Segundo a ESA, o Mercury Transfer Module (MTM) se desprendeu do conjunto formado pelos dois orbitadores científicos a mais de 200 milhões de quilômetros da Terra. A confirmação chegou às 15h52 no horário da Europa Central (10h52 em Brasília), por meio de duas antenas de espaço profundo da rede Estrack, em Cebreros (Espanha) e em Malargüe (Argentina).
A agência informou que a telemetria indica todos os sistemas em condição nominal e que os painéis solares do orbitador europeu já carregam as baterias da espaçonave.
Antes da confirmação definitiva, o controle da missão havia detectado um sinal Doppler preliminar compatível com a sequência planejada. A ESA explica que o Doppler é a variação na frequência do rádio entre a Terra e a nave — o mesmo princípio que faz o som da sirene de uma ambulância mudar de tom conforme ela se aproxima ou se afasta.
A própria agência destaca a dificuldade da manobra: executar uma separação crítica a mais de 200 milhões de quilômetros de distância exige planejamento, navegação e comandos precisos, sem qualquer possibilidade de intervenção em tempo real.
Lançada em outubro de 2018, a BepiColombo já percorreu mais de 10 bilhões de quilômetros, segundo a Exame. Chegar a Mercúrio é considerado um dos maiores desafios da engenharia espacial: por estar muito próximo do Sol, o planeta obriga qualquer sonda a se desfazer de uma enorme quantidade de energia orbital para conseguir acompanhá-lo.

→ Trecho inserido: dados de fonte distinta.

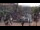 Webcam in Birmingham, 55 km entfernt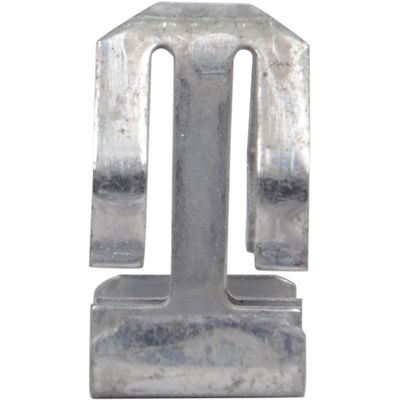 KIT PORCA RAPIDA UNIVERSAL COLUNA PT 10PCS | COD FABR PR035 00536.62 KIT PORCA RAPIDA UNIVERSAL COLUNA PT 10PCS | COD FABR PR035 00536.62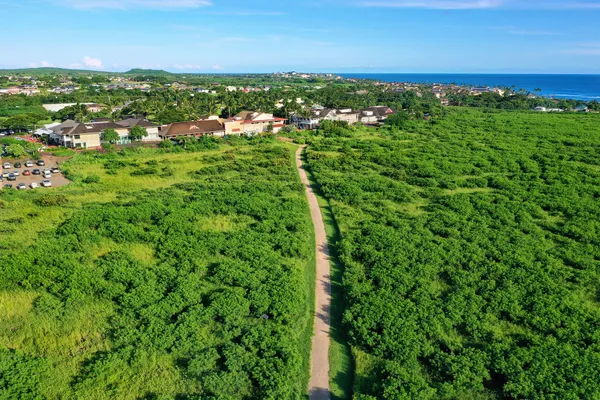 $7,650,000 | 5599 Holo Malanai Street, Koloa, HI 96756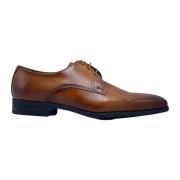 Giorgio1958 Sandicci veterschoenen bruin 3820201 110 Nocce Giorgio , B...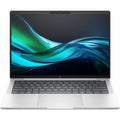 HP EliteBook 1040 G11 14" Touchscreen Notebook WUXGA Intel Core Ultra 7 165H vPro Technology 32 GB 1 TB SSD English Keyboard Smart Buy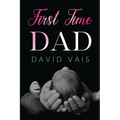 First time dad - Paperback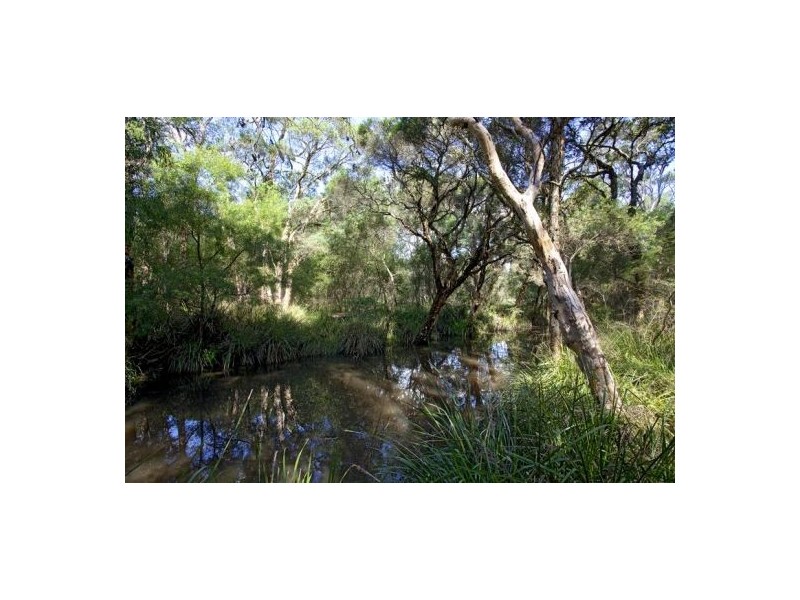 Londonderry NSW 2753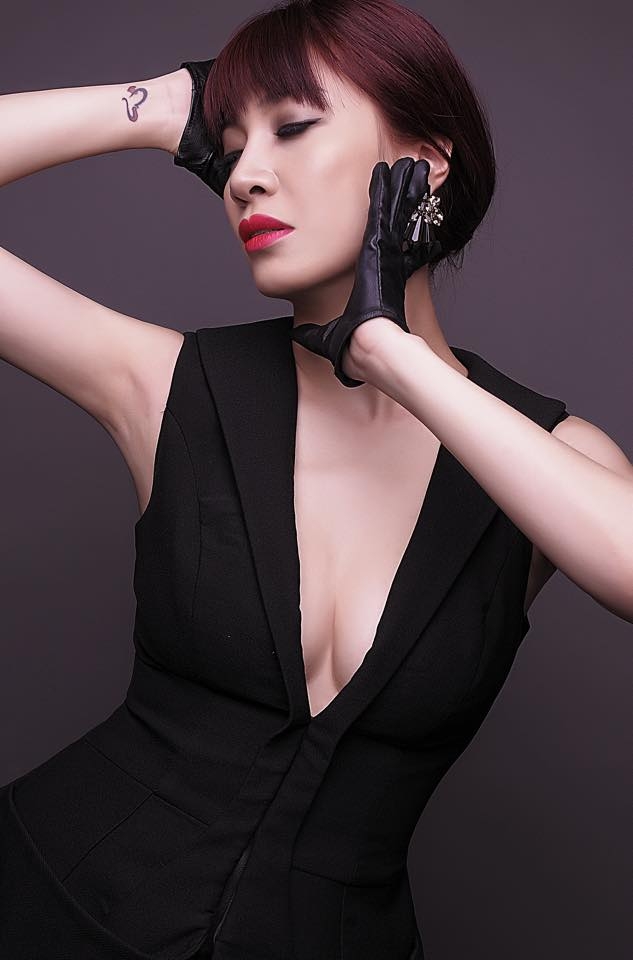 11272066_10204006124702369_1707066941_n (1)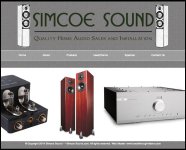 Simcoe Sound.jpg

Para vencer esse obstáculo, a missão combinou propulsão elétrica solar e nove sobrevoos planetários, que foram ajustando a trajetória aos poucos. Em junho, a ESA desligou em definitivo os propulsores elétricos do módulo de transferência, preparando a nave para a etapa atual.
A separação do MTM é apenas o primeiro passo. De acordo com a ESA, o conjunto restante deve entrar em órbita de Mercúrio em 21 de novembro de 2026. Os dois orbitadores — o europeu Mercury Planetary Orbiter (MPO) e o japonês Mio (Mercury Magnetospheric Orbiter) — vão se separar entre os dias 9 e 10 de dezembro. Até lá, é o MPO que fornece energia ao conjunto.

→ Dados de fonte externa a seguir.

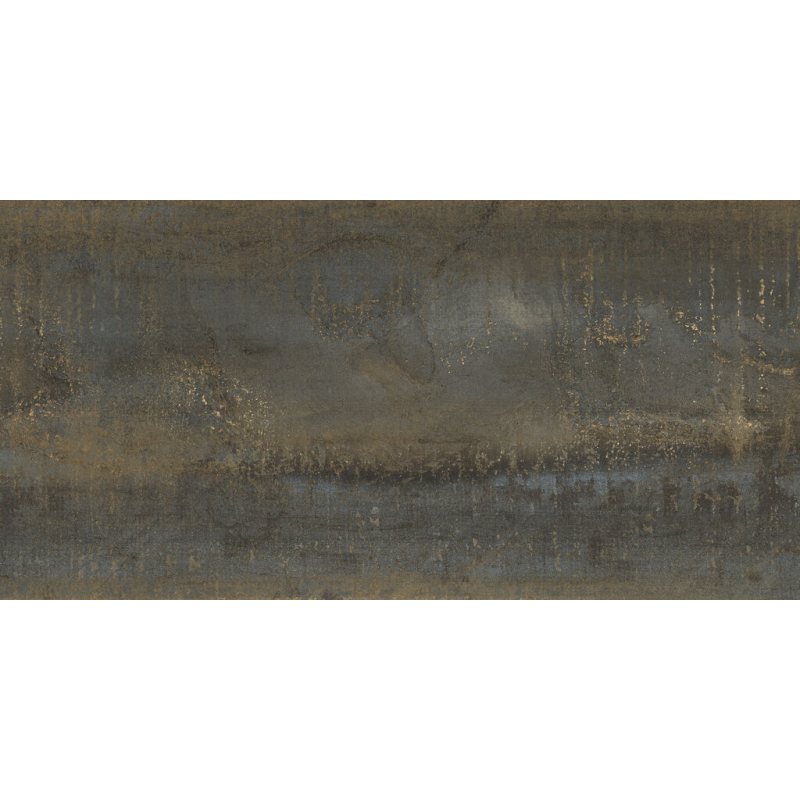 METAL RUST MAT 60X120 REKT. GAT.1 (P.102179)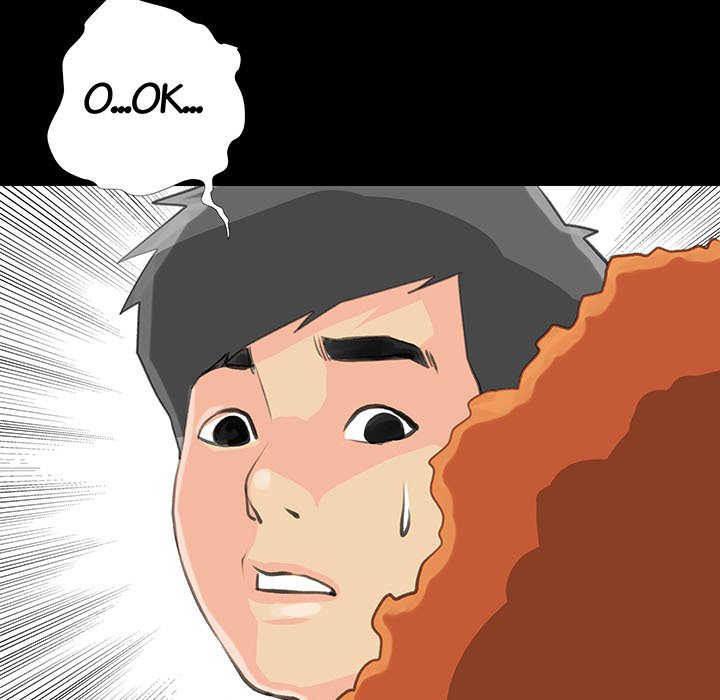 Sex Note - Chapter 27 [photo 29] - MangaPorn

As observações científicas só devem começar em abril de 2027. Será a primeira vez que dois veículos orbitam Mercúrio ao mesmo tempo: o MPO vai se concentrar na superfície e na composição do planeta, enquanto o Mio investigará o ambiente magnético e espacial ao redor dele.

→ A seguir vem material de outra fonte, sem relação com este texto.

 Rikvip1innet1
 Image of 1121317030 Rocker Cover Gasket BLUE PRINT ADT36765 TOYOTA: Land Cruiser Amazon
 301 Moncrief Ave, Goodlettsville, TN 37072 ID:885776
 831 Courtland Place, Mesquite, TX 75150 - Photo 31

Mercúrio segue como um dos planetas menos explorados do Sistema Solar. Até agora, apenas duas missões da Nasa fizeram estudos aproximados: a Mariner 10, na década de 1970, e a Messenger.
Entre os alvos da BepiColombo estão as chamadas "hollows", depressões encontradas na superfície do planeta, além do campo magnético e da exosfera. A missão também deve investigar por que Mercúrio tem densidade tão elevada. Uma das hipóteses, citada pela Exame, é a de que uma colisão gigantesca no início da história do Sistema Solar tenha removido parte de suas camadas externas.
Os dados coletados pelos dois orbitadores devem ajudar a testar essa e outras explicações sobre a formação e a evolução do planeta.